C'est toujours un privilège pour le directeur chargé des affaires stratégiques (DAS) de s'exprimer devant votre commission, en particulier dans le cadre de ses fonctions de responsable du programme 144 « Environnement et prospective de la politique de défense » qui, comme vous le savez, traduit en termes d'organisation budgétaire toute l'importance donnée à la fonction stratégique « Connaissance et anticipation ».
La mise en oeuvre des réformes de la gouvernance du ministère aura plusieurs impacts sur ce programme en 2015, notamment la réforme de la fonction personnel et la réorganisation de la fonction relations internationales et stratégie.
Dans le cadre la rénovation des principes et des modalités de gestion de la masse salariale évoquée devant vous par le ministre le 1er octobre dernier, la réforme de la fonction personnel, effective à partir du 1er janvier 2015, aura en pratique deux conséquences pour le programme 144 : une conséquence financière puisque ce programme, comme tous les autres du ministère, ne disposera plus, à compter du 1er janvier prochain, d'aucun crédit de titre 2 en raison du transfert de la masse salariale des différents programmes LOLF – loi organique relative aux lois de finances – vers le programme 212 « Soutien de la politique de la défense » placé sous la responsabilité du secrétariat général pour l'administration, le SGA ; une réorganisation de la gestion et du suivi des effectifs, qui relèveront désormais d'une concertation entre les employeurs des agents et les budgets opérationnels de programme (BOP) de gestion. Pour des raisons de confidentialité, la direction générale de la sécurité extérieure (DGSE) maintiendra son propre dispositif.
Les relations internationales et la stratégie font partie des cinq domaines prioritaires de la réforme de la gouvernance du ministère. Dans la continuité des décisions prises en juillet 2013 et à l'issue de travaux internes au ministère, le ministre a statué en avril dernier sur les missions et les ressources de la future direction générale des relations internationales et de la stratégie (DGRIS). Celle-ci assumera certaines missions jusqu'alors exercées par l'état-major des armées (EMA) et la direction générale de l'armement (DGA) dans le domaine des relations internationales.
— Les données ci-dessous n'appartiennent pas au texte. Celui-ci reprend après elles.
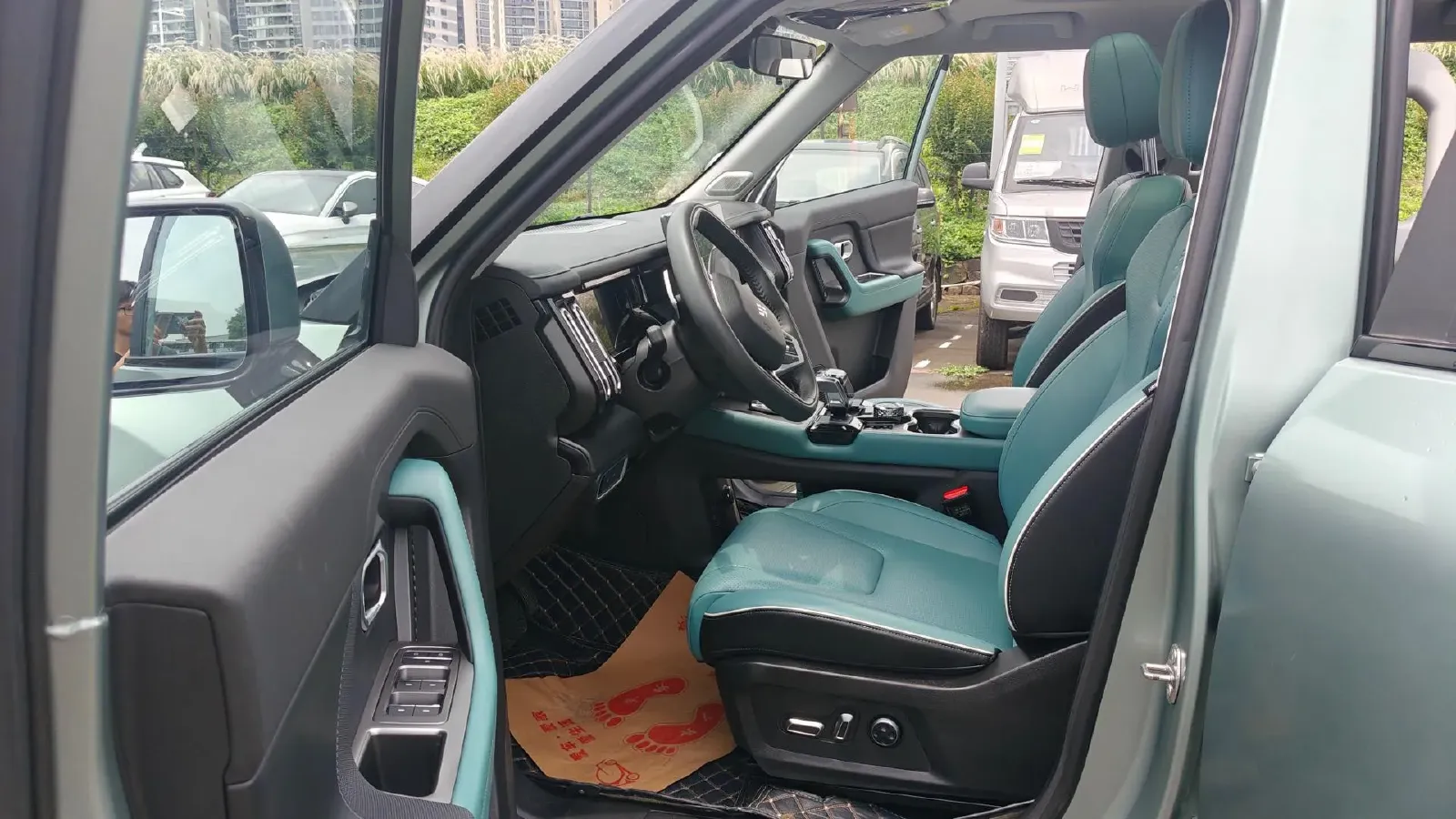 2025 Jetour Freeman 2.0T 254HP L4 8AT,autocango,china used car exporter,china ev exporter,chinese used car exporter,chinese used ev exporter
Présenté aux instances de concertation internes au ministère le 29 septembre dernier, le projet de décret portant organisation de la future DGRIS est actuellement à Matignon. Cela aura aussi un impact sur l'architecture budgétaire du programme 144.
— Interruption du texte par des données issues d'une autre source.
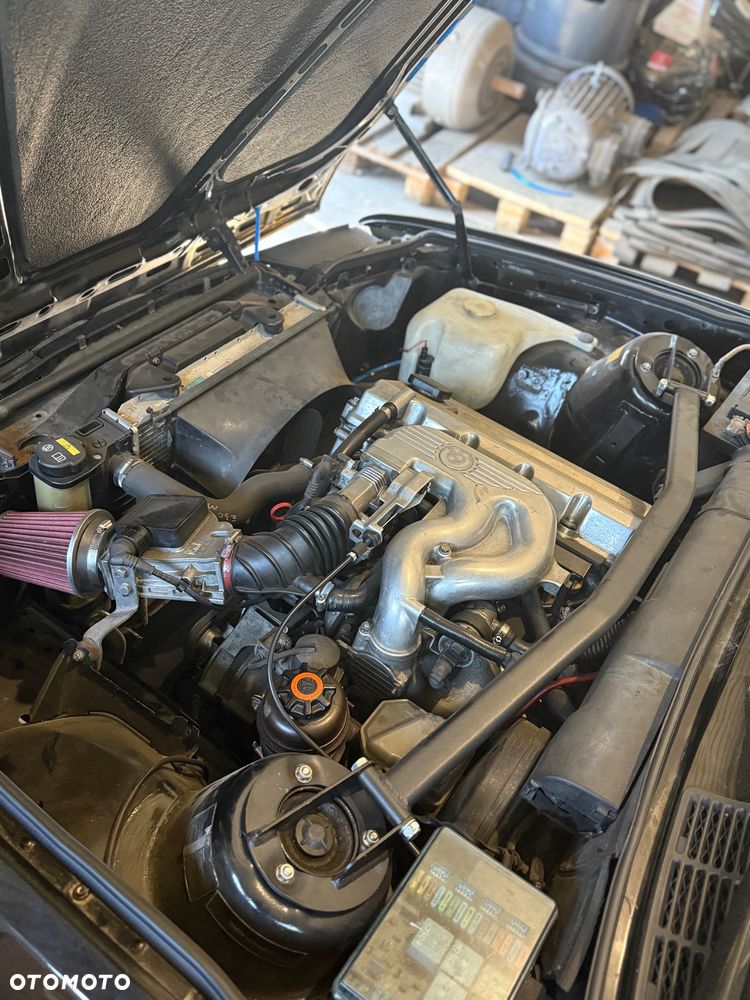 BMW Seria 3 318is - 13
Je rappellerai brièvement les priorités fixées par le Livre blanc de 2013 et la loi de programmation militaire (LPM) pour le programme 144, avant de présenter les grands axes du PLF s'agissant de ce dernier ; enfin, j'aborderai la fin de gestion de l'exercice 2014, dont les conditions d'exécution influent naturellement sur le budget de 2015.
Comme le souligne le Livre blanc de 2013, « la fonction connaissance et anticipation a une importance particulière parce qu'une capacité d'appréciation autonome des situations est la condition de décisions libres et souveraines ». Cette fonction stratégique recouvre notamment le renseignement et la prospective, soit les deux grandes missions du programme 144.
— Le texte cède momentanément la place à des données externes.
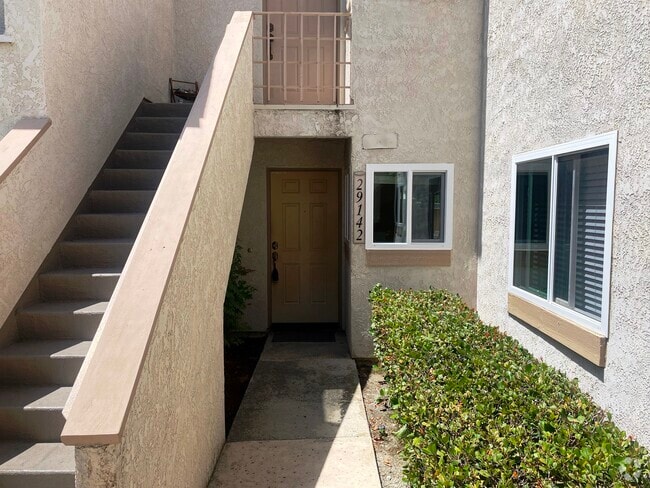 Building Photo - 29142 Via Cerrito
La LPM accorde des crédits élevés aux deux missions du programme 144, en particulier à travers les études amont et le renforcement des services de renseignement, DGSE et direction de la protection et de la sécurité de la défense (DPSD), en termes d'effectifs et d'investissements, tant sur le plan quantitatif que qualitatif.
La LPM permet le maintien d'un effort substantiel en matière de recherche et technologie à travers les ressources consacrées aux études amont, dotées en moyenne de 730 millions d'euros par an sur la période 2014-2019. Ces ressources traduisent notre volonté de garantir l'effort de recherche et de consolider la base industrielle et technologique de défense française. Le Gouvernement entend ainsi maintenir à un niveau élevé les moyens dévolus à la maîtrise des capacités technologiques et industrielles, qui constituent l'un des fondements de notre autonomie stratégique.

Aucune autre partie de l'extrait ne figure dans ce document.